Return the line that has "Building Photo - 115 Pitney Pl" and all lines below it through the last, exactly as they stand; omit pictures.

**TASK INPUT:**
· · · ·
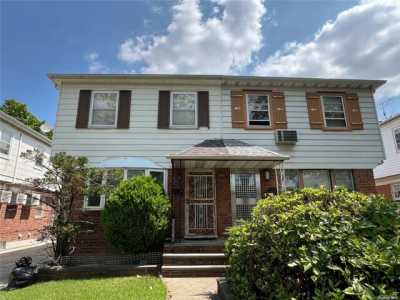 Home For Sale in Fresh Meadows, New York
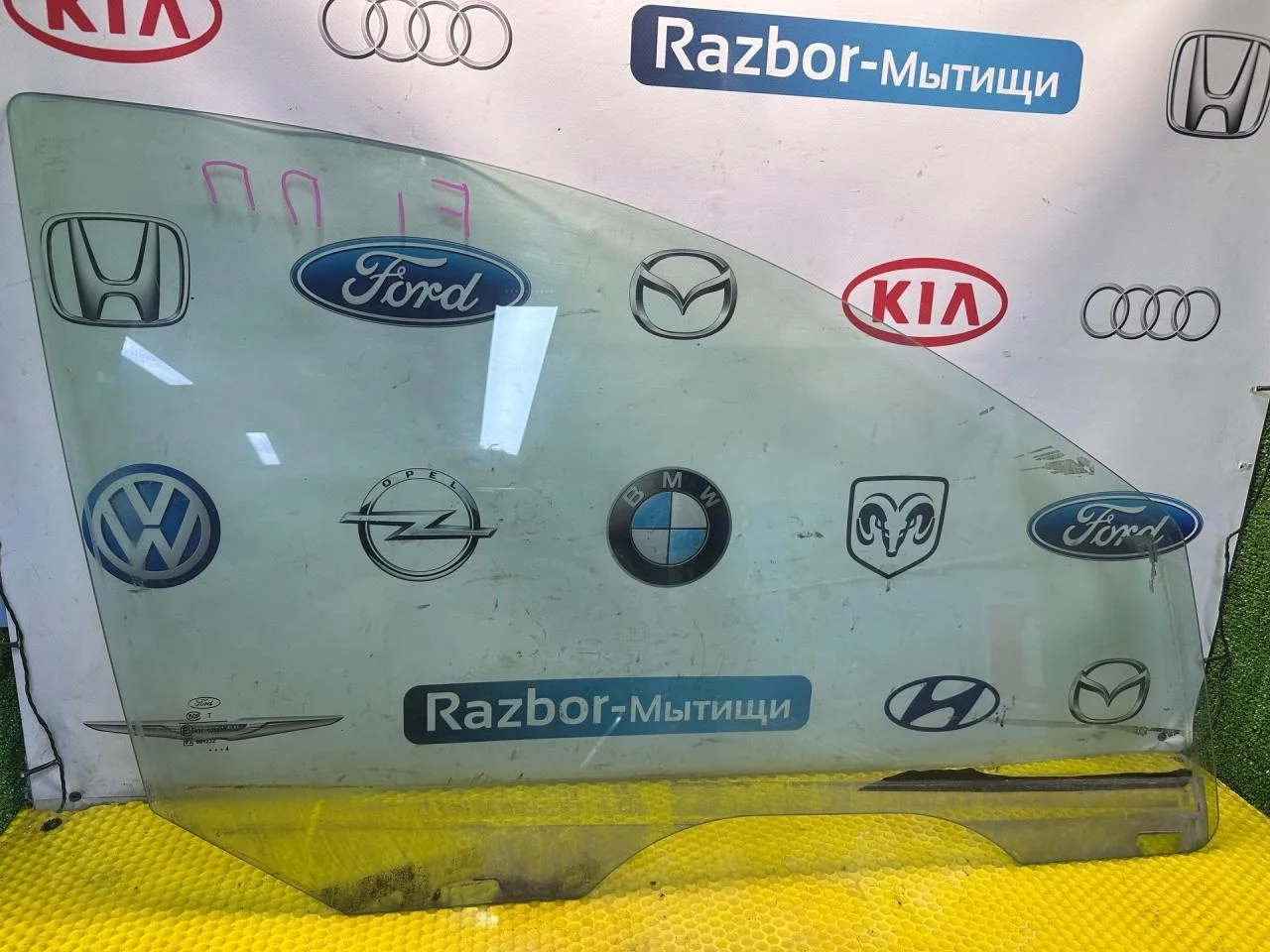 Стекло двери передней правой Ford Focus - изображение 1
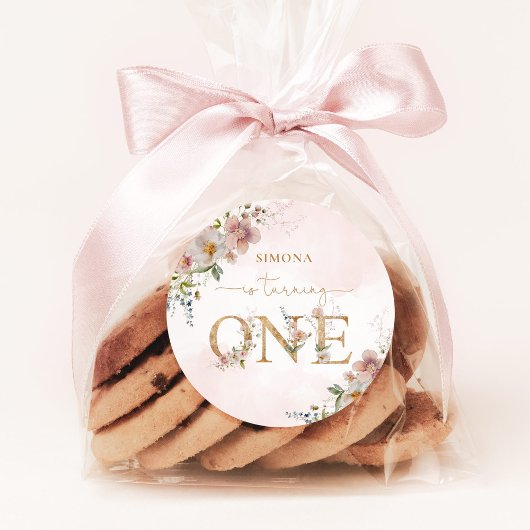 Wildblumen wild Ein blühendes Mädchen Rosa Runder Aufkleber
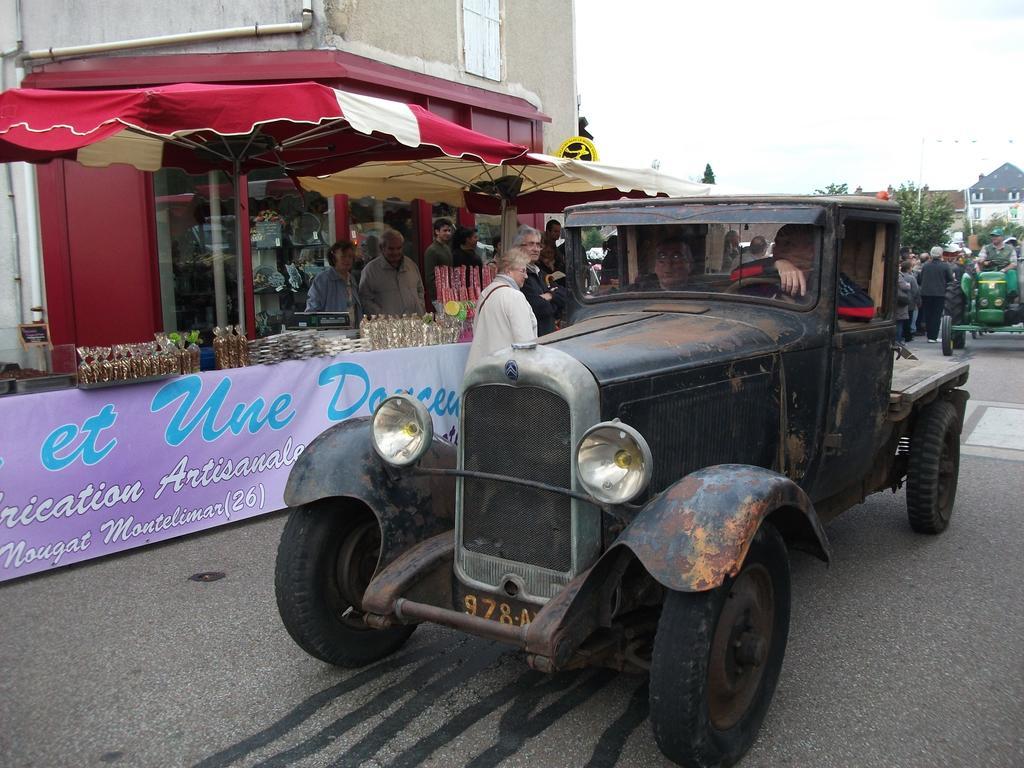 38 Friaudour Panzió Saint-Pardoux-lʼOrtigier Kültér fotó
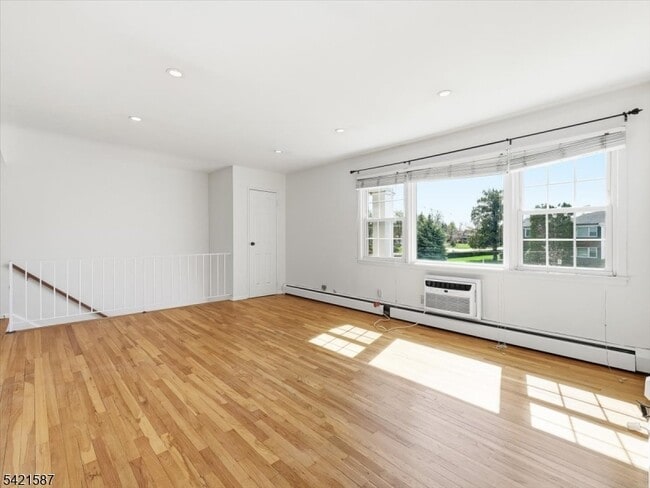 Building Photo - 115 Pitney Pl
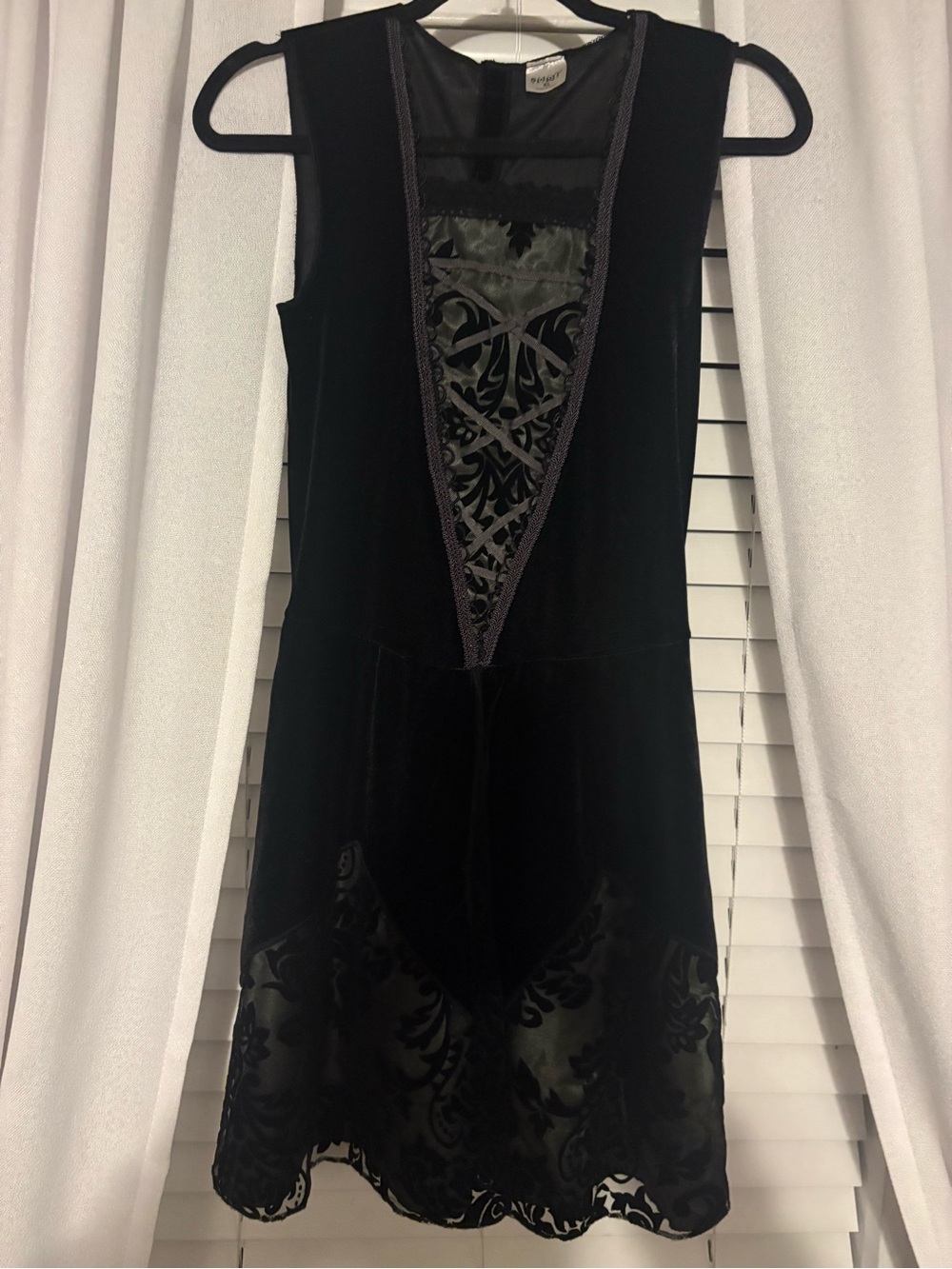 Girls Black Velvet & Burnout Lace Sleeveless Halloween Dress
· · · ·
**ANSWER BOX:**
 Building Photo - 115 Pitney Pl
 Girls Black Velvet & Burnout Lace Sleeveless Halloween Dress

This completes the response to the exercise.